Emmert's message was clear: The NCAA was choosing to punish a culture of silence, a culture that protected the program above all moral obligations and those responsible for making it that way.

Vacating wins has long been a debate in all sports. And so there is no surprise that the NCAA's ruling on Monday sent the debate over the decision to vacate the wins into a tailspin. But it raised questions about the implications the sanctions will have on past and current players, Paterno's legacy and ultimately Penn State's place among the best football programs.

Some say you can erase the wins, but it is an empty punishment that does nothing to move the university forward and doesn't ultimately change the facts. Others say it is the best way to punish a school: by wiping out a massive chunk of its history.
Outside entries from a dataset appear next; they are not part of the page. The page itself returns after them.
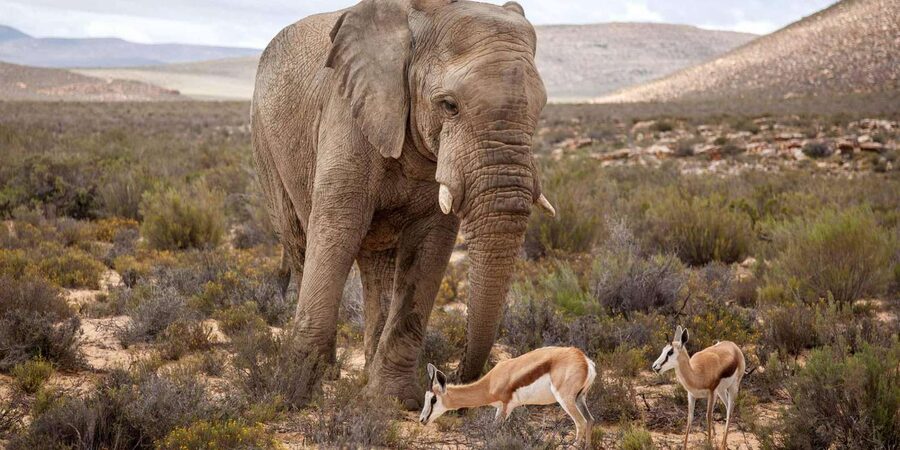 Cape Town: Aquila Reserve Safari with Lunch and Winery Visit - Small group size: why up to 13 people helps your safari day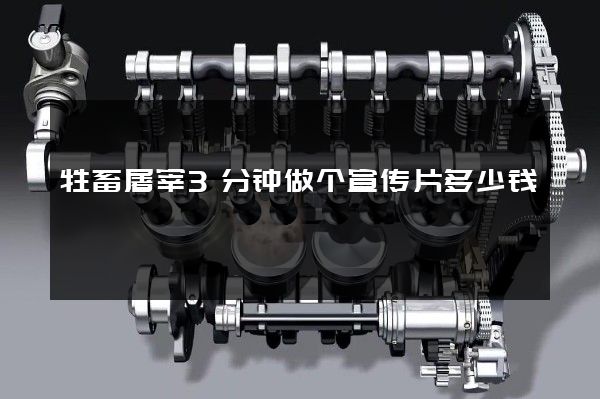 牲畜屠宰3分钟做个宣传片多少钱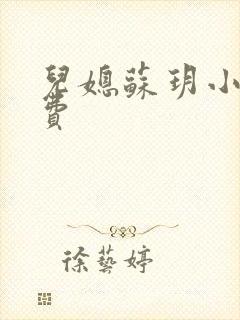 儿媳苏玥小说免费封面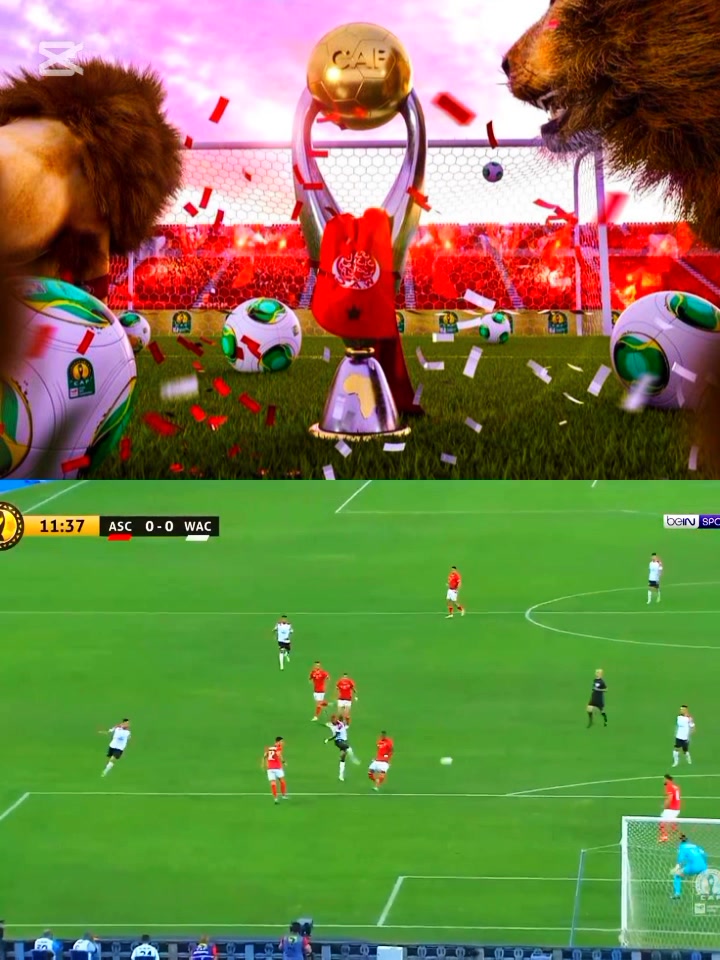 الوداد يمنح صغار الفريق فرصة تأكيد مكانتهم في إفريقيا، والجاهلي يتسم بالسهولة.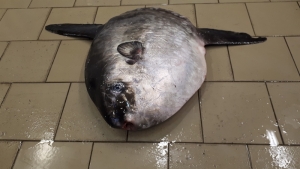 Samogłów w sieci rybackiej. Sensacja na Mierzei Wiślanej.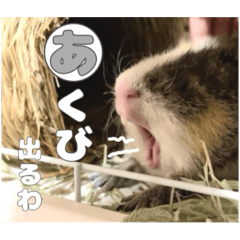 yamada_20250821130507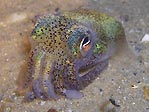 Bobtail Squid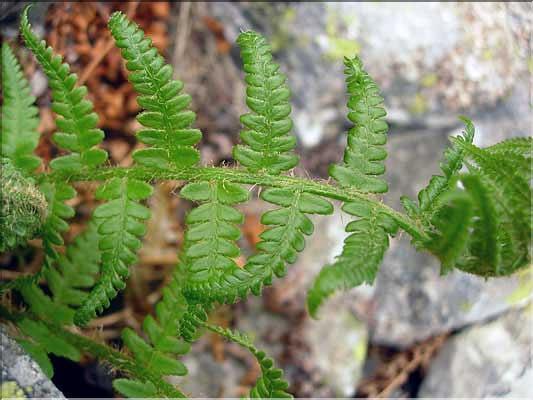 Athyrium_distentifolium1429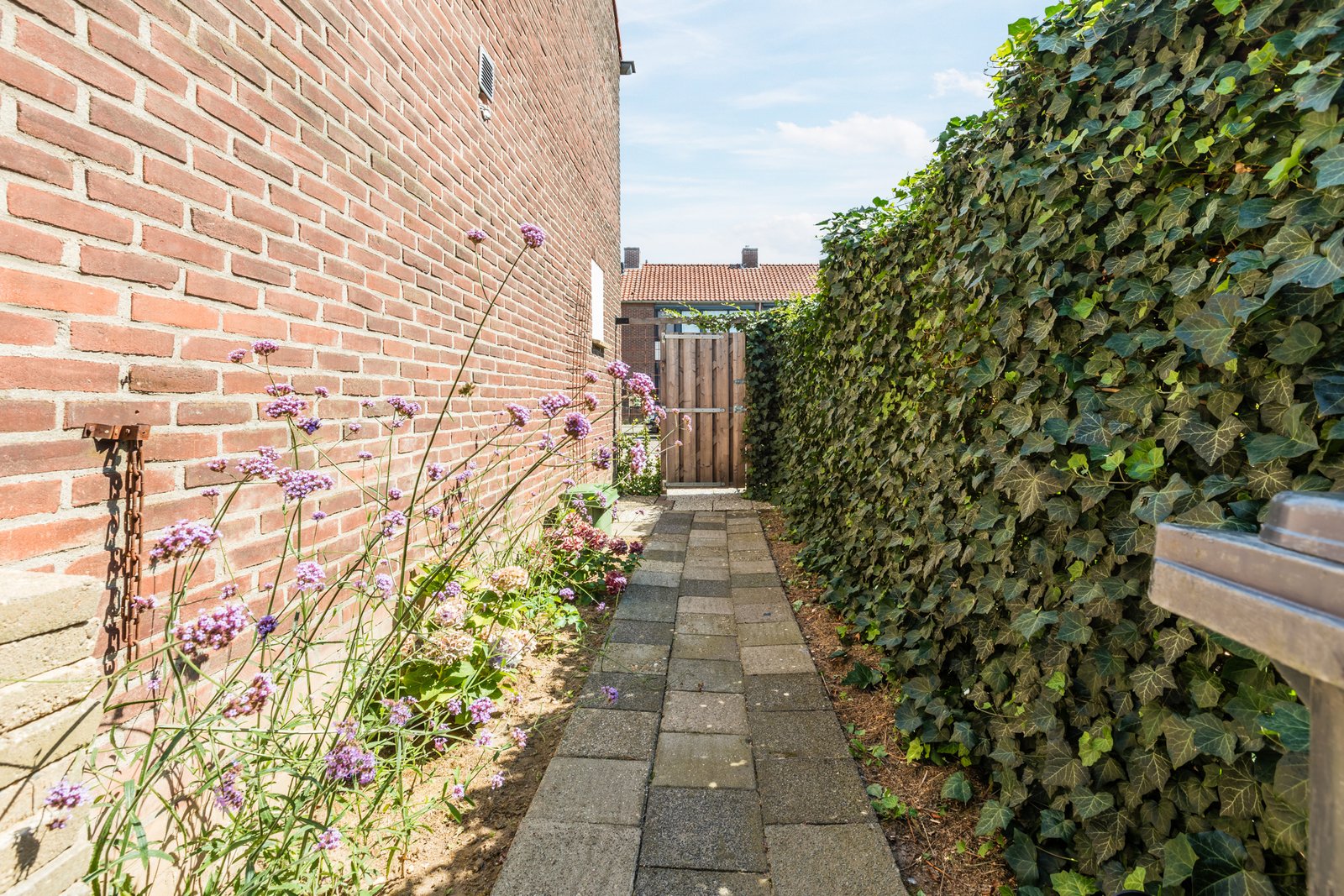Watermuntstraat 44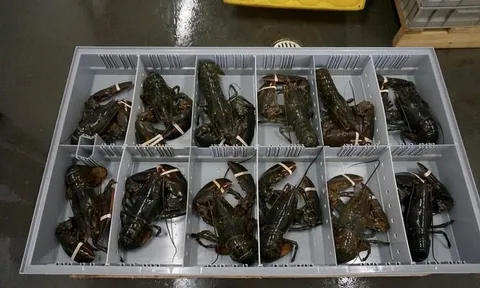 Phát hiện 3 vali chứa 90.000 con tôm hùm xanh trị giá 6,7 tỷ đồng ở sân bay Đà Nẵng, công an triển khai các biện pháp nghiệp vụ vào cuộc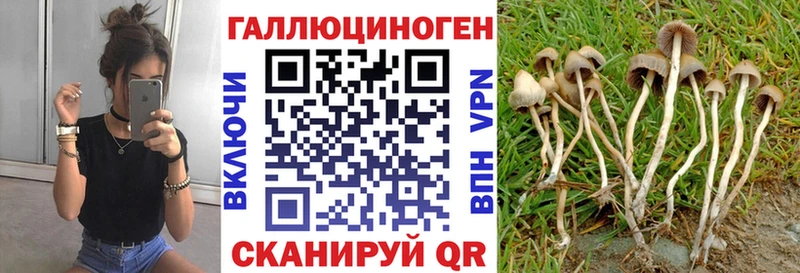 Псилоцибиновые грибы ЛСД  MEGA ССЫЛКА  Сельцо 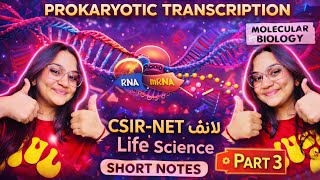 Prokaryote transcription 💕🌷// csir net life science//short revision// handwritten notes 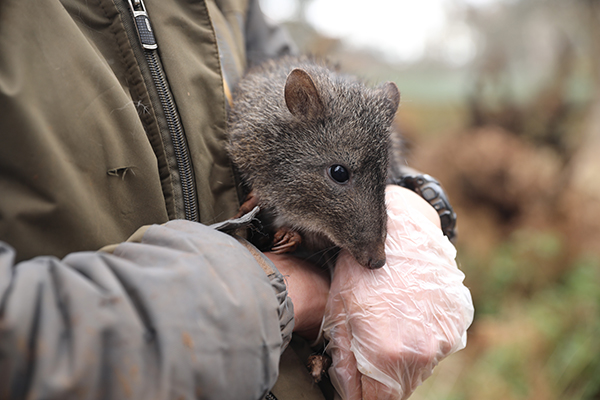 Potoroos receive final approval to return to Aussie Ark’s Barrington Wildlife Sanctuary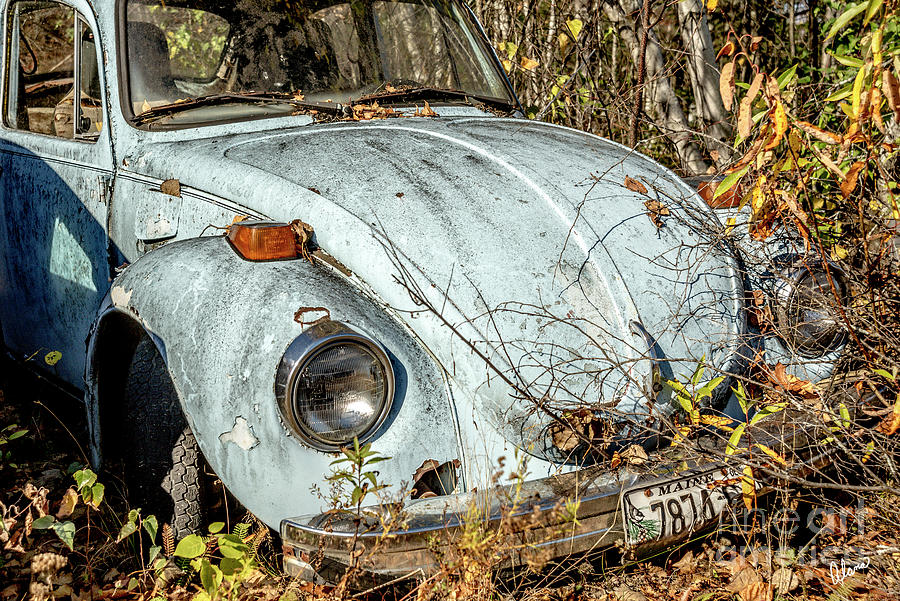 Landscape Photograph - Volkswagen Beetle by Alana Ranney
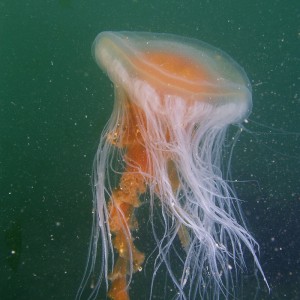 Lions Mane jellyfish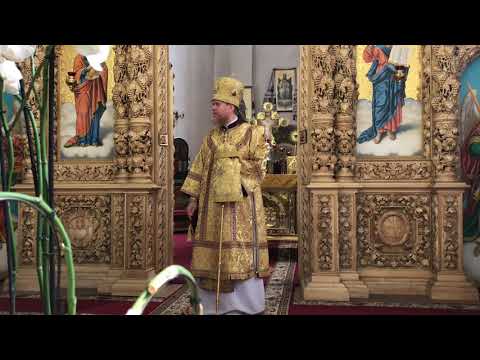 Видео: Про образ Божий в людині та подобу, а також про покаяння (неділя 6-та після Трійці, 19.07.20)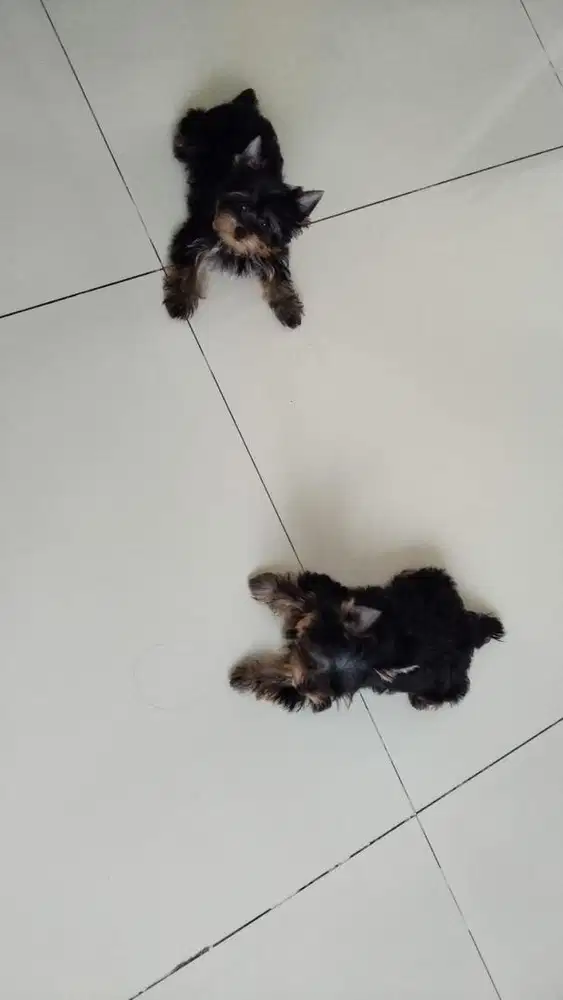 Anjing yorkie puppy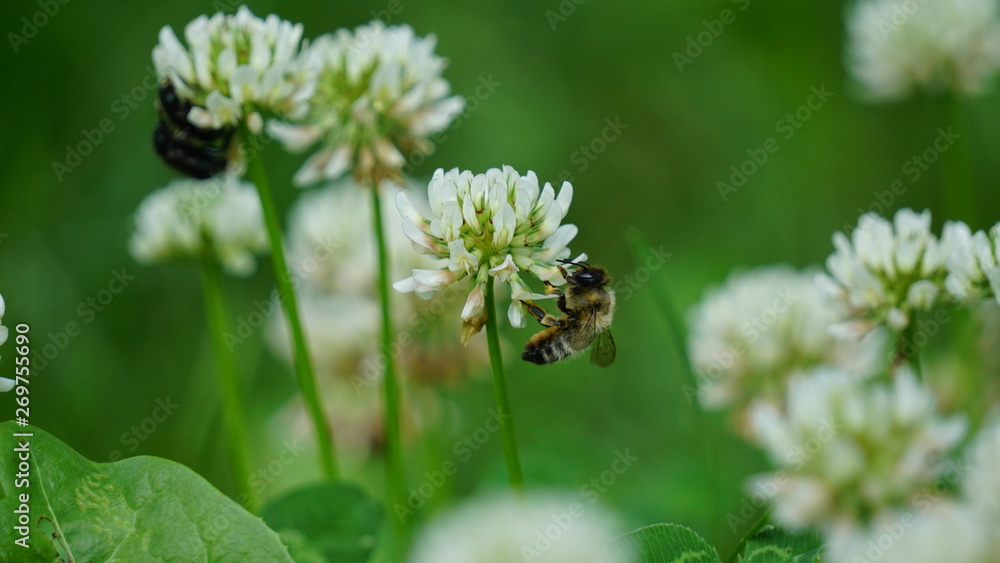 bee on white flower bee on white flower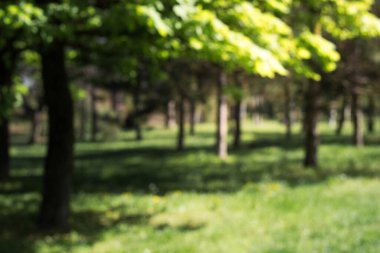 Park Ağaçları Sokağı 'nda bir yaz. Parkta boş tuğla yol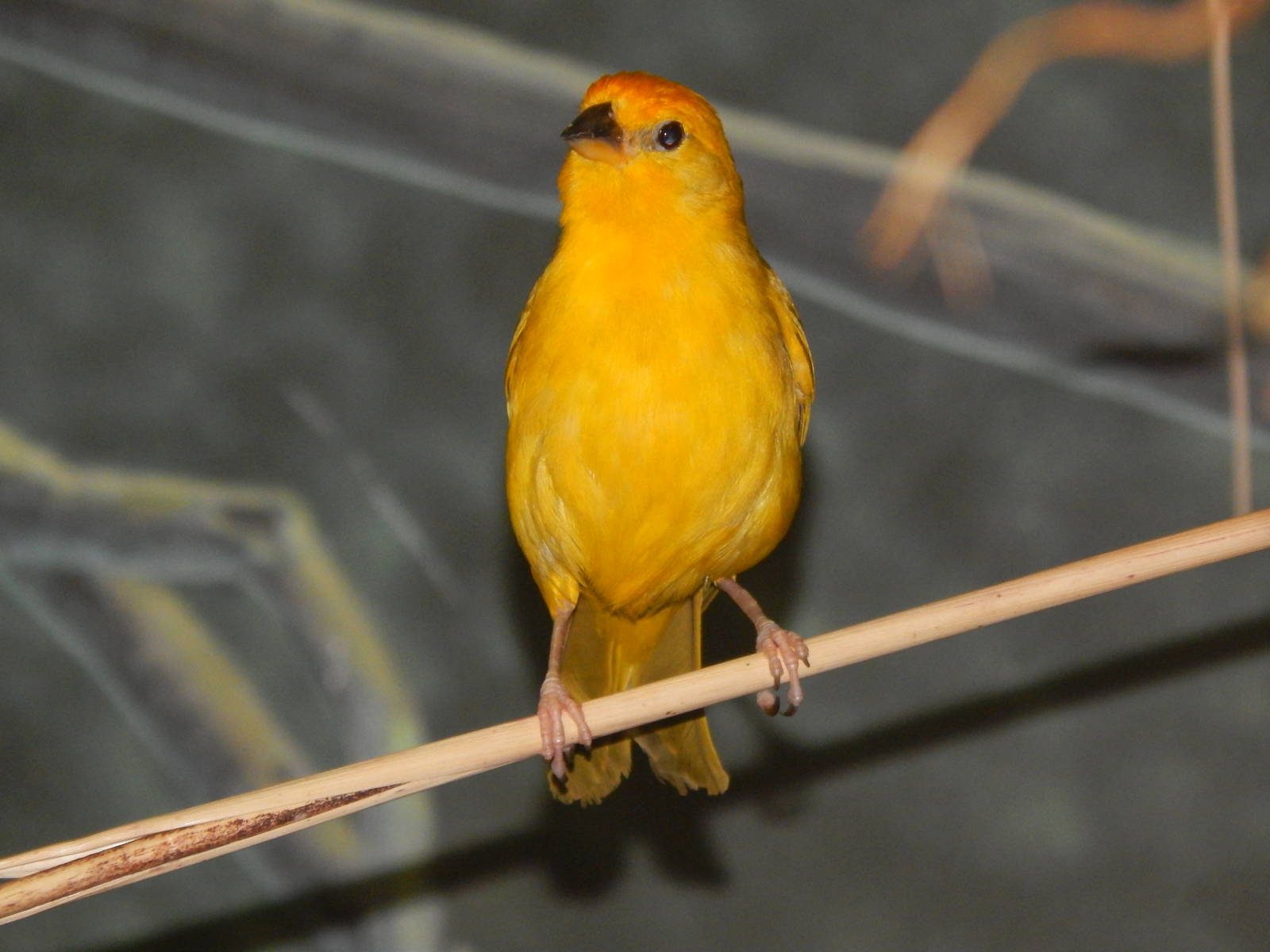 Mar. 2014 - Wings of the World - Saffron Finch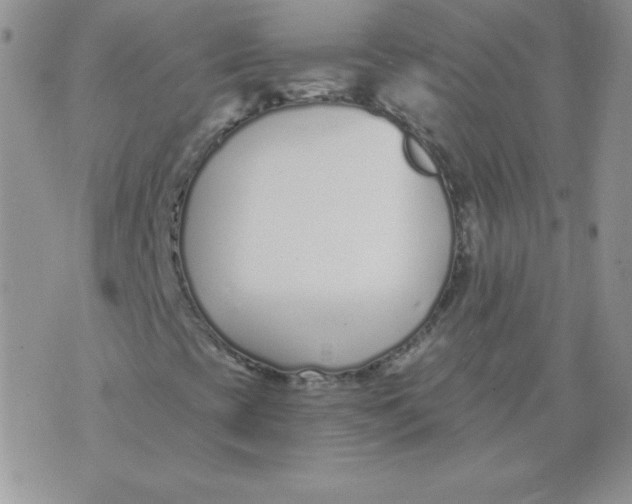 X0000073901393200609082136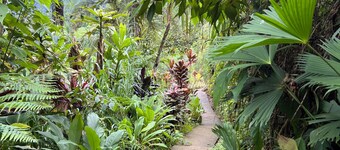 Romantic Studio Retreat with Breathtaking Ocean & Mountain Scenery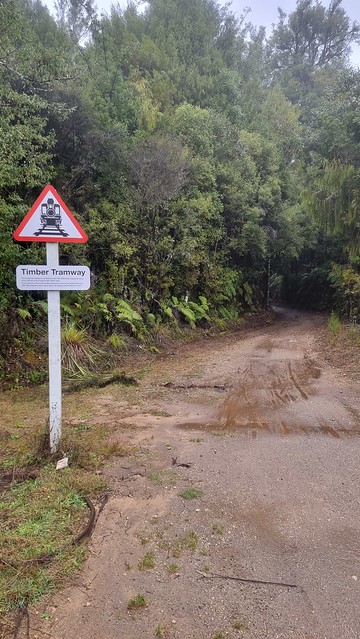 Timber Trail, Pureora Forest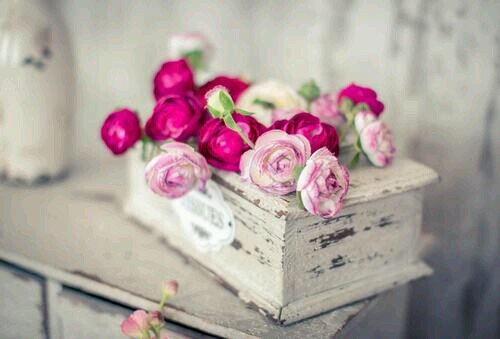 paper lover ~ vintage girl ~ journal note book maker ( ^_^ )♡..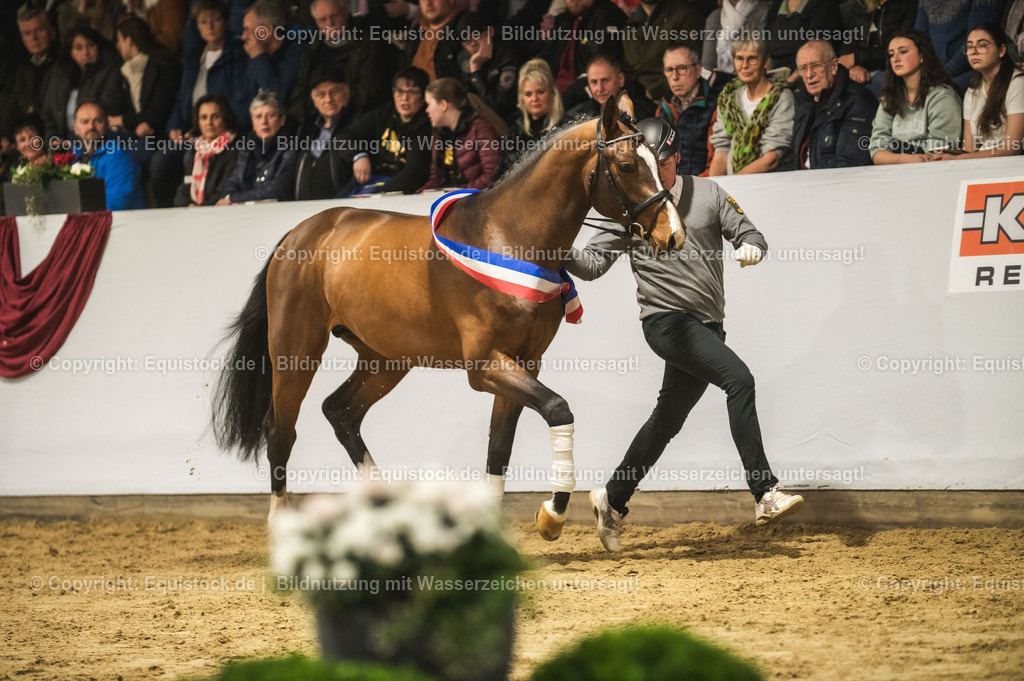 20240302_Hengstvorstellung_Marbach_TOMsPiC_0452 | equistock
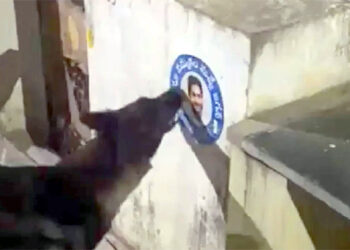 মুখ্যমন্ত্রীর পোস্টার ছিঁড়ে ফেলায় কুকুরের বিরুদ্ধে থানায় অভিযোগ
ESPN analyst and lawyer Jay Bilas told CNN that while the Penn State situation is egregious, the NCAA failed in doling out the penalties to the right people.

He believes the NCAA hammered the institution but failed to really hit those he believes are responsible, including former President Graham Spanier, former Athletic Director Tim Curley, former Interim Senior Vice President for Business and Finance Gary Schultz and Paterno.

“All any of them had to do was communicate (the Sandusky reports) to someone else. And all of them chose to be silent,” he said. “That’s unforgivable and unconscionable. The suggestions or implication that the football culture made them abandon their human decency is kind of offensive. Football didn’t do that; that was done by four individuals in positions of authority that could not be counted upon to do the right.”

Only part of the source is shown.